The study appears in the CDC’s journal Preventing Chronic Disease. Excessive alcohol consumption remains a leading cause of premature death in the United States, responsible for 1 in 10 deaths among working-age adults, according to a new study from the Centers for Disease Control and Prevention (CDC).
Researchers used the CDC’s Alcohol-Related Disease Impact (ARDI) online application to estimate total number of deaths that were attributable to alcohol among U.S. adults ages 20 to 64, from 2006 through 2010.
They also examined years of potential life lost across the U.S. by gender and age. Excessive alcohol use led to nearly 88,000 deaths per year over the study period, and shortened the lives of those who died by about 30 years on average, said study researcher Dafna Kanny of the CDC. “In total, there were 2.5 million years of potential life lost each year due to excessive alcohol use,” she said.

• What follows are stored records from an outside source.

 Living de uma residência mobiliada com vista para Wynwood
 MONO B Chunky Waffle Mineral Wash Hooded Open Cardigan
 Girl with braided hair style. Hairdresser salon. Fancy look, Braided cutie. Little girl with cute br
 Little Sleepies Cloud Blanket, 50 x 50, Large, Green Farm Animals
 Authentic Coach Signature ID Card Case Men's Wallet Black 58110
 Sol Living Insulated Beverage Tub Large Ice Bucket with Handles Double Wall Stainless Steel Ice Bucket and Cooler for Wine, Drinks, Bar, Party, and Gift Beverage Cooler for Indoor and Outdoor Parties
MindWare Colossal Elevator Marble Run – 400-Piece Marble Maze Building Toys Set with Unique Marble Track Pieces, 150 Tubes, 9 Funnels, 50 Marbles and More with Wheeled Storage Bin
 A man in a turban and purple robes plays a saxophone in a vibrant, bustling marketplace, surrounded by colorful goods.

The number of alcohol-related deaths have increased by around 12,000 since 2004, the year a previous CDC study was conducted, Kanny said.

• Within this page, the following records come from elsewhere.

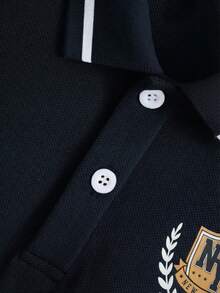 SHEIN 男童纯色短袖翻领Polo衫 - 彩色 - 查看 5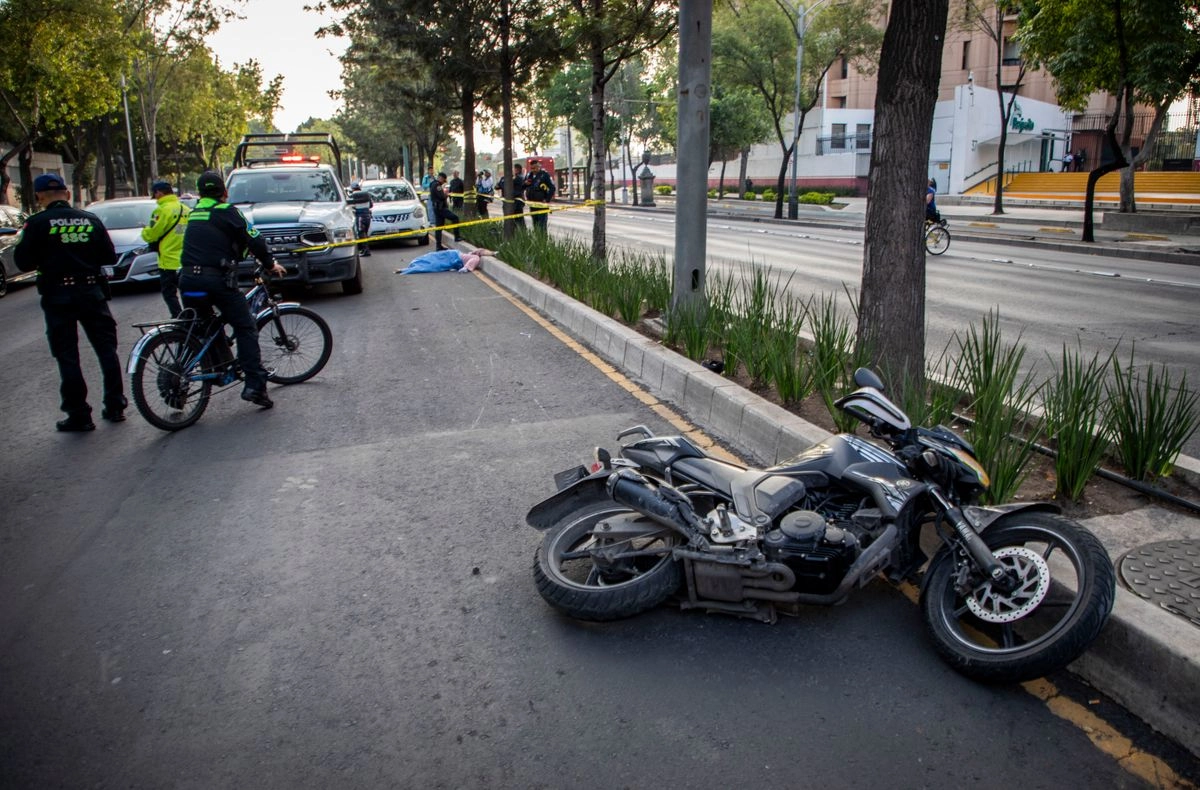 Una usuaria de Uber moto perdió la vida luego de que el conductor chocara contra un árbol en la Avenida Paseo de la Reforma, en CDMX. Foto 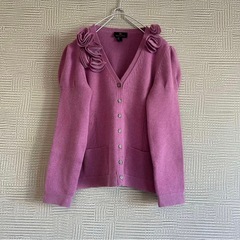 RENA LANGE レナランゲ パープルピンク　カーディガン　紫花　イタリア製　レディース の画像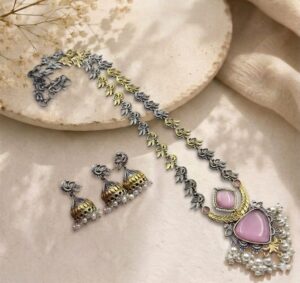 Dual tone necklace set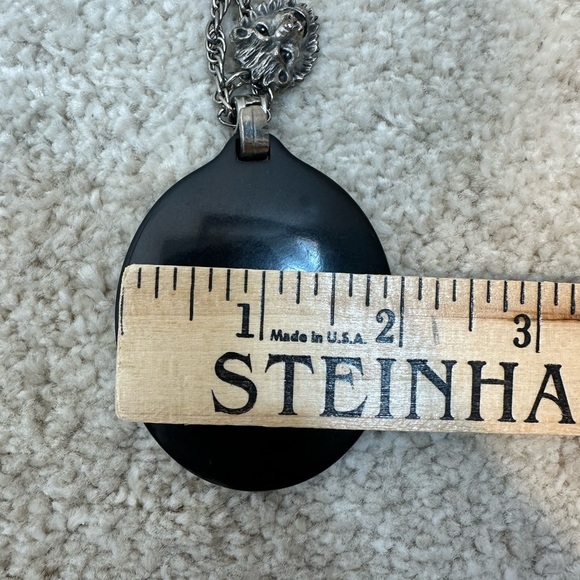 Art Nouveau Pendant Necklace Woman Hair Vintage Silver Tone Black Unbrand Silver - Picture 6 of 8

Alcohol is linked with deaths both from acute causes, such as car accidents and falls, and deaths from chronic diseases. Deaths due to alcohol-related car accidents reached nearly 13,000 per year during the study period, according to the report. Among the chronic diseases that alcohol can cause, the most common cause of death was alcoholic liver disease (14,000 deaths yearly), followed by liver cirrhosis (7,800 deaths yearly) and alcohol dependence syndrome (3,700 deaths yearly), according to the study.
Most of the deaths that were related to excessive alcohol consumption (71 percent) involved males, Kanny said. “Men are more likely than women to drink excessively, especially binge drinking, having five or more alcoholic drinks in one occasion,” she said. “Among drivers in fatal motor vehicle crashes, men are almost twice as likely as women to have been intoxicated.”
According to the study, New Mexico had the highest number of alcohol-related deaths, with approximately 51 deaths yearly per 100,000 people, while New Jersey had the lowest, with around 19 deaths per 100,000 people. The results of this study are consistent with similar studies conducted on a global level, and reflect the substantial effect that excessive drinking has on life span and loss of productivity, Kanny said. Premature deaths due to alcohol consumption, along with the reduced earnings by heavy drinkers, were responsible for 72 percent of the estimated $223.5 billion in economic costs due to excessive alcohol consumption in the U.S. in 2006, she said. Kanny offered suggestions on what can be done to decrease the number of fatalities due to excessive drinking. “Health care providers can use alcohol screening and counseling to help people who are drinking too much,” she said. “Adults can set a good example for young people by not drinking excessively, and by not providing underage youth with alcohol.” Other strategies, she added, include increasing taxes on alcoholic beverages, reducing the number of retails outlets that sell alcoholic drinks, and holding alcohol retailers liable for injuries and damage following illegal service to intoxicated or underage consumers.